AddSource creates a new ClickHouse client connection based on the source details, applies existing hooks, stores it in the manager pool, and initializes health. Modified to always create a client entry even if initial connection fails.

func (*Manager) Close

func (m *Manager) Close() error

Close iterates through all managed client connections and closes them, with a timeout for each client to prevent hanging on unhealthy connections. It also stops the background health checker and waits for it to complete.

func (*Manager) CreateTemporaryClient

func (m *Manager) CreateTemporaryClient(ctx context.Context, source *models.Source) (*Client, error)

CreateTemporaryClient creates a new, unmanaged ClickHouse client instance, typically used for validating connection details before adding a source. The caller is responsible for closing the returned client.

func (*Manager) GetCachedHealth

func (m *Manager) GetCachedHealth(sourceID models.SourceID) models.SourceHealth

GetCachedHealth retrieves the latest known health status for a source ID from the cache. Returns a default unhealthy status if the source hasn't been checked yet.

func (*Manager) GetClient

func (m *Manager) GetClient(sourceID models.SourceID) (*Client, error)
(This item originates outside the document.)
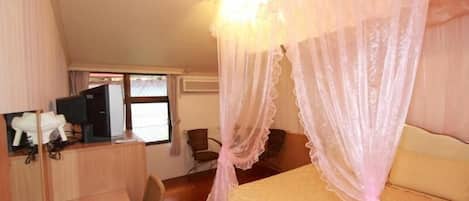 Une chambre à coucher avec un lit à baldaquin, un bureau, une chaise et un téléviseur.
GetClient is an alias for GetConnection for potential backward compatibility.

func (*Manager) GetConnection

func (m *Manager) GetConnection(sourceID models.SourceID) (*Client, error)
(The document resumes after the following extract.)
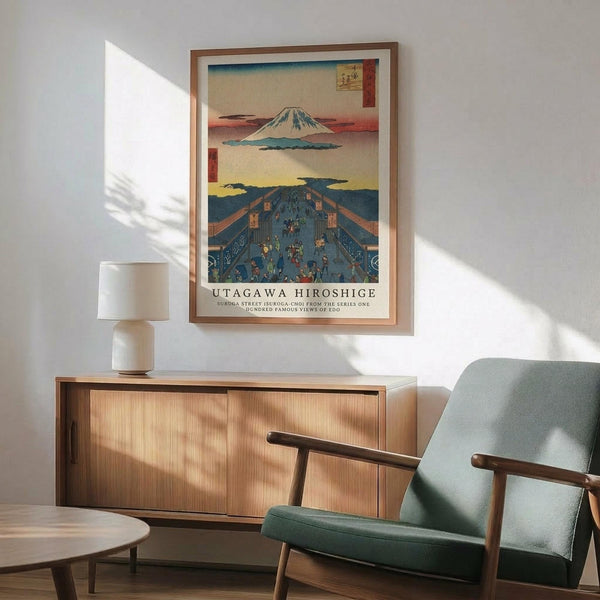 May include: Japanese woodblock print poster featuring Mount Fuji and traditional street scene with crowds of people, displayed in thin brown frame on white wall above wooden credenza. Mid-century modern room setting with sage green upholstered chair, white ceramic table lamp, and natural sunlight creating geometric shadows across the space.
GetConnection returns the managed client connection for a given source ID. Returns ErrSourceNotConnected if the source is not currently managed.

func (*Manager) GetHealth

func (m *Manager) GetHealth(ctx context.Context, sourceID models.SourceID) models.SourceHealth

GetHealth performs a LIVE health check on a specific source and updates the cache. Deprecated: Use GetCachedHealth for regular status checks. Use this only if an immediate, live check is explicitly required.

func (*Manager) RemoveSource

func (m *Manager) RemoveSource(sourceID models.SourceID) error

RemoveSource closes the connection for the given source ID and removes it from the manager.

func (*Manager) StartBackgroundHealthChecks

func (m *Manager) StartBackgroundHealthChecks(interval time.Duration)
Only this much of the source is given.